Depending on how old you are, either you are already enrolled in some insurance program(s) or you will in the near future. Vehicle insurance is mandatory in India and so you don’t have a choice there. Besides, there are life insurance programmes and insurance schemes for your home, expensive articles and a number of confusing kinds of all these. This is first in our series on personal finances and it answers the question, how insurance works?
How Insurance Works? Plus an Introduction to Risk Pooling.
Consider, for instance, you may your home and everything inside of it to an accidental fire. It might not happen but the associated risk is too high to leave it on chance. Fortunately, people in your neighbourhood also share a similar exposure to the same risk. So, people in your neighbourhood come together to create a fund to compensate when someone loses their home to fire. This fund is pooled through premiums paid by individual participants. Your premium depends upon your individual exposure to the risk and the compensation that you would want to be paid in case of a fire incident. We call such an arrangement risk pooling and this is how insurance works.
You toss a coin 100 times and it won’t turn tail all of the 100 times. Most likely, the tail will appear for around 50 times only (if not 50 exactly).
Participants pay a premium, either a one-time or at regular intervals, to fund a scheme with an insurance company. This fund is then used to compensate participants in case of a loss due to a specified risk. The fund works best when the number of claimants is small and the compensation amounts are reasonable. But there might as well be a disaster that may unexpectedly increase everyone’s exposure to the specified risk. The small fund cannot be expected to compensate for everyone’s loss in such cases. For this, the insurance companies generally require you to agree to a set of terms and conditions. These conditions help protect the company against too many claims for compensations.

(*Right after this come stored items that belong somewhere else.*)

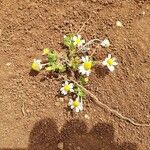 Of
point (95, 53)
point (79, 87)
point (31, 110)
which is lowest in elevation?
point (31, 110)

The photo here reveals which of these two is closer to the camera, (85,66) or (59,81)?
(85,66)

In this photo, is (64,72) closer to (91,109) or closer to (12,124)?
(91,109)

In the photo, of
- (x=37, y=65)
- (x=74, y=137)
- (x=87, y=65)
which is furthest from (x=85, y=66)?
(x=74, y=137)

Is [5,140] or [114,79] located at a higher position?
[114,79]

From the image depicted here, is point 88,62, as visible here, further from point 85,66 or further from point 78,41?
point 78,41

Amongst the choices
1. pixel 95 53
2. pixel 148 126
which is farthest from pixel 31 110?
pixel 148 126

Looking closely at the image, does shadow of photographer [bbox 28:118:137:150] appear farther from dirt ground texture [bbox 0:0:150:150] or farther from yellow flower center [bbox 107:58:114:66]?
yellow flower center [bbox 107:58:114:66]

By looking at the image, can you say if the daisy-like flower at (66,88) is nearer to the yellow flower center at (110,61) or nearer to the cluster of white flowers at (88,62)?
the cluster of white flowers at (88,62) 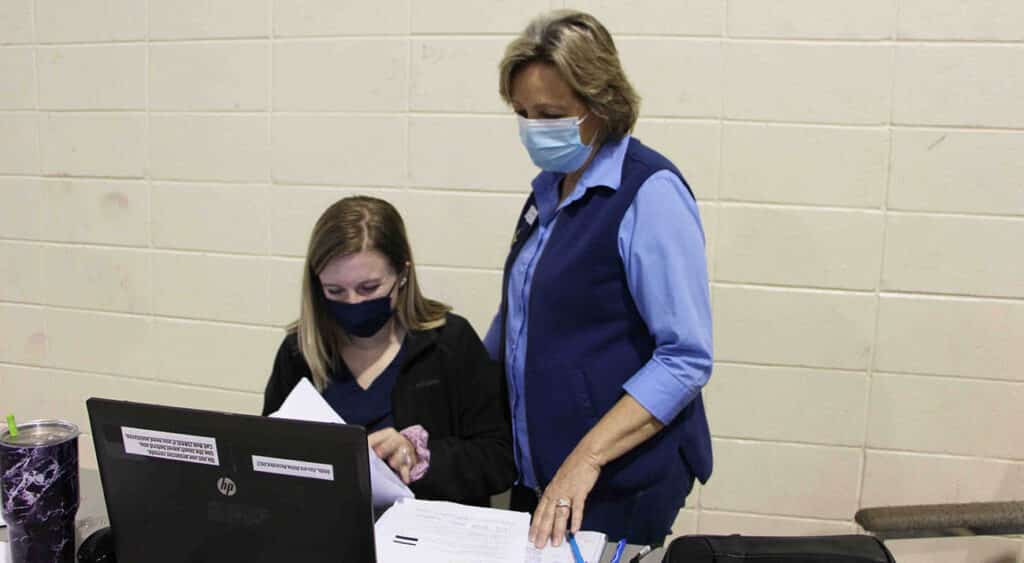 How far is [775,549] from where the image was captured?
1152 millimetres

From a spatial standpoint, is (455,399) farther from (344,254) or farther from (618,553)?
(618,553)

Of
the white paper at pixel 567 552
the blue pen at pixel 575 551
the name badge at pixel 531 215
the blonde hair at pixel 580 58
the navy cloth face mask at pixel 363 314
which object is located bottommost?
the white paper at pixel 567 552

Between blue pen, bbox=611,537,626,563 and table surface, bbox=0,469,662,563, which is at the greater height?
blue pen, bbox=611,537,626,563

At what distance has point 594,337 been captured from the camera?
1469 millimetres

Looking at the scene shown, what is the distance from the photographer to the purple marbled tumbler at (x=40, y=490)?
113 centimetres

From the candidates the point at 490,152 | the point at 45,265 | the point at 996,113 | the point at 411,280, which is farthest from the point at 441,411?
the point at 45,265

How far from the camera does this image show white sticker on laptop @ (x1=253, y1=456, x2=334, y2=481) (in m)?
0.96

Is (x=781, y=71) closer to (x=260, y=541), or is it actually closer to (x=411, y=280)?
(x=411, y=280)

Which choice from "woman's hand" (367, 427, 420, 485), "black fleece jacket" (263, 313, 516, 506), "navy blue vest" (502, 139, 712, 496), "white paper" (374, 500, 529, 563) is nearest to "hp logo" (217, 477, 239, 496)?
"white paper" (374, 500, 529, 563)

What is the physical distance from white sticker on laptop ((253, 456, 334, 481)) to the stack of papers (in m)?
0.28

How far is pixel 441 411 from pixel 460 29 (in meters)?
1.12

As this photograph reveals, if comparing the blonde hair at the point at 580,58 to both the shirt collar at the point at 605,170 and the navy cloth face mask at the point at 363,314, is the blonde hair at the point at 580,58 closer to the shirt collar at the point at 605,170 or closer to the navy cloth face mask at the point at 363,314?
the shirt collar at the point at 605,170

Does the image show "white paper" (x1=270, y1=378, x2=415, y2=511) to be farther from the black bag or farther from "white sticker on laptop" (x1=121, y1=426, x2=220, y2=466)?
the black bag

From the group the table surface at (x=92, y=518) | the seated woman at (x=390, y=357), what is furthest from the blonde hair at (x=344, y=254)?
the table surface at (x=92, y=518) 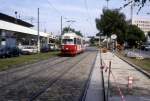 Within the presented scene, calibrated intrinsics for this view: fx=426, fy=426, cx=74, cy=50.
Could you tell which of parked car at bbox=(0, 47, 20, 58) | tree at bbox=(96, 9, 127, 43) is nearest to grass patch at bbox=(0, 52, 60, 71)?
parked car at bbox=(0, 47, 20, 58)

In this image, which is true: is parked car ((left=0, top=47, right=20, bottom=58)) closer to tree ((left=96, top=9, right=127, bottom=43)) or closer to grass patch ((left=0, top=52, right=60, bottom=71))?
grass patch ((left=0, top=52, right=60, bottom=71))

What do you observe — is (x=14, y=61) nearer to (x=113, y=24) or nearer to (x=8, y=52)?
(x=8, y=52)

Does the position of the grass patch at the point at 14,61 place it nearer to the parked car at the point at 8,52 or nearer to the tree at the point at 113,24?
the parked car at the point at 8,52

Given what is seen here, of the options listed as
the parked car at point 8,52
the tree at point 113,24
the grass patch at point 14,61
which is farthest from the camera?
the tree at point 113,24

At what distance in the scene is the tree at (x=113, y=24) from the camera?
97000 mm

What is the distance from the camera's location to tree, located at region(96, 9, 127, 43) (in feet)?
318

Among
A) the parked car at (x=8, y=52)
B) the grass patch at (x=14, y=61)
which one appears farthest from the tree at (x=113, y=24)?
the grass patch at (x=14, y=61)

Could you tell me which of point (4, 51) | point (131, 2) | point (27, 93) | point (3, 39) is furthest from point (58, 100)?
point (3, 39)

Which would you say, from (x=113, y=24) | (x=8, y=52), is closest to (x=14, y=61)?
(x=8, y=52)

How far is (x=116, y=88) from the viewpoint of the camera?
19.0m

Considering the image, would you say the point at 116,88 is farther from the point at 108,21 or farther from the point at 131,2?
the point at 108,21

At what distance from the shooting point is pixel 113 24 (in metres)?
98.1

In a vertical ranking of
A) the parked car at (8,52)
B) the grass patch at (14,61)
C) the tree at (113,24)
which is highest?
the tree at (113,24)

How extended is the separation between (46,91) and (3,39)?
45.9 metres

Insurance Practices are Centuries Old.
There are accounts of similar practices from the Roman Empire.
In the Roman Empire, there are accounts of private citizens coming together to form burial associations. There were an admission fee and a monthly premium that the members were required to pay to the association. In return, the association provided for their members a proper funeral on their death and some payment to their family.
How Insurance Benefits Society?
Individually, you might not be able to pay for health treatments if you were to get diagnosed with a fatal disease. It is a huge loss if you lose your home to a fire accident or damage your car in a road accident. You may never experience these losses in your life. But what if you do get diagnosed with a disease? Or lose your home to a fire? The associated cost is huge and you will find it difficult to get back with life for some time after the incident. Other people are exposed to common risks and risk pooling helps us share the cost to our exposure to these risks. Insurance practices help individuals deal with unpredictable accidents. It is also a wonderful example of collaboration and shared responsibility in our society.